The GPS app Waze crowdsources a lot of real-time data, and with 50 million users contributing information in 200 countries, the app can show a lot. There are traffic updates, accident reports, and toll warnings. Users can even contribute the location of police they happen to spot, so drivers behind them know to stay within the speed limit and generally drive safely. But law enforcement agents are not happy about it.
Though the feature has existed since around the time Waze launched in 2008, law enforcement officials are increasingly concerned about it since two New York police offers were shot to death in December.

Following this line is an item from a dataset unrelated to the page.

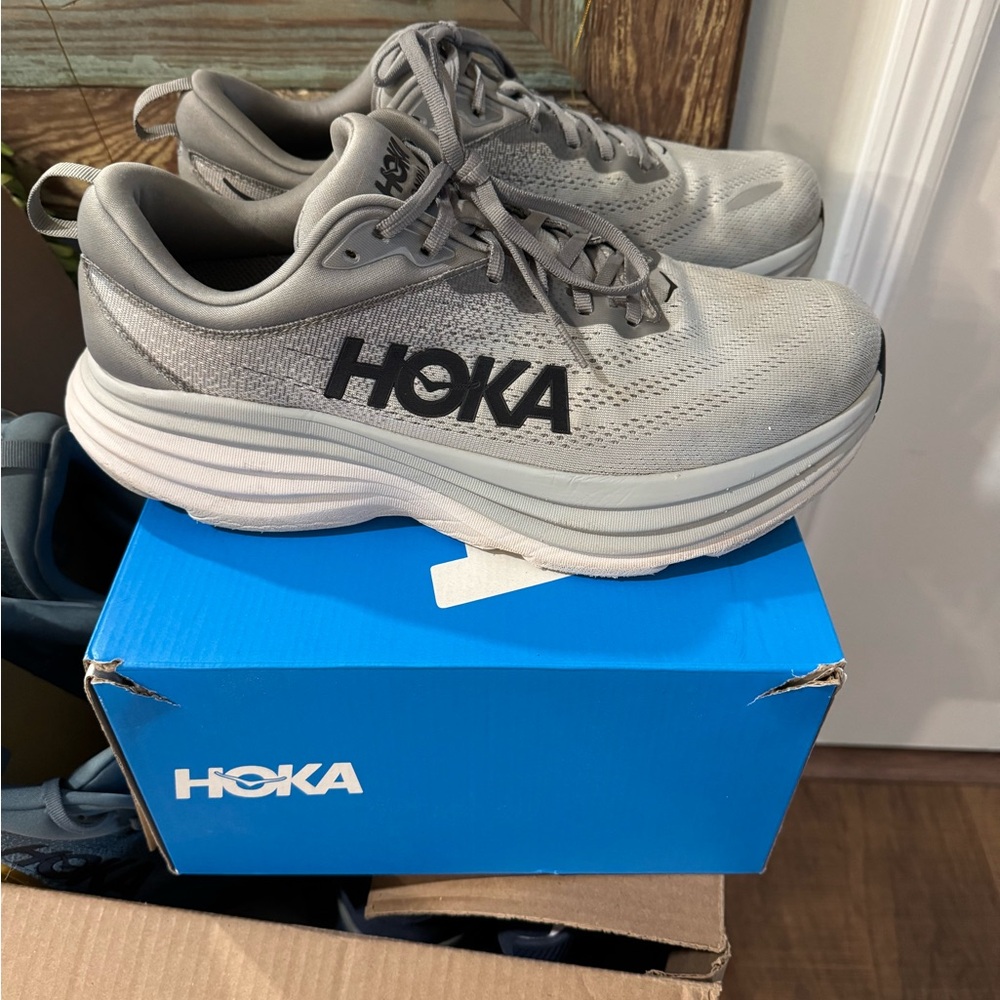 HOKA Mens size 11.5 W  Running Shoes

The shooter, Ismaaiyl Brinsley, does not seem to have used Waze to locate the two officers he killed (because he was not carrying his smartphone for a few hours prior to his attack), but he did use the Waze police-tracking function in December and even posted screencaps of it to his Instagram.

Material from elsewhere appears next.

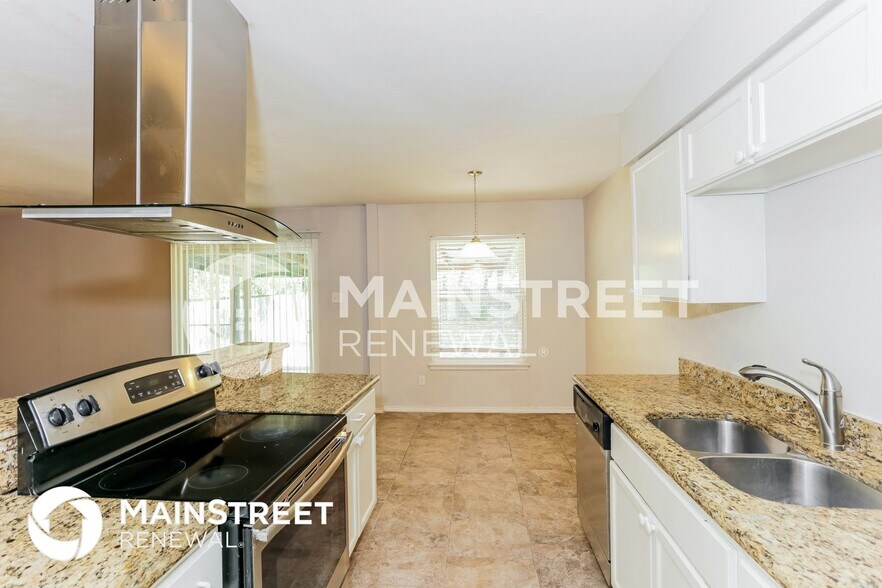 Building Photo - 817 Sandalwood Ln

Waze is owned by Google, and as the Associated Press reports, Los Angeles Police Chief Charlie Beck sent the company a letter on Dec. 30 explaining that Waze could "endanger police officers and the community" by tracking law enforcement.
During the National Sheriffs Association winter conference in Washington, D.C., over the weekend, Bedford County, Virginia, Sheriff Mike Brown said, "The police community needs to coordinate an effort to have the owner, Google, act like the responsible corporate citizen they have always been and remove this feature from the application even before any litigation or statutory action."

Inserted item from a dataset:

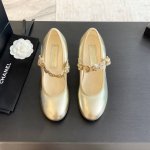 皮面 布面 Chanel 24Ss 春夏新款 手工坊系列 小羊皮玛丽珍，小圆头 可爱指数十颗星 精致山茶花五金装饰 高密度毛巾内里，脚感超舒服 面料：进口绵羊皮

But civil liberties advocates say that as long as Waze users are reporting police sightings that occur in public, they are conveying information in a reasonable and protected way. Nuala O'Connor, head of the Center for Democracy and Technology, told the AP, "I do not think it is legitimate to ask a person-to-person communication to cease simply because it reports on publicly visible law enforcement."
Given the extensive data and geolocation tracking techniques law enforcement is able to use on both a state and federal level (often without a warrant) to monitor United States citizens—and others—it seems contradictory that citizens shouldn't be able to share information about police officers who are in plain sight.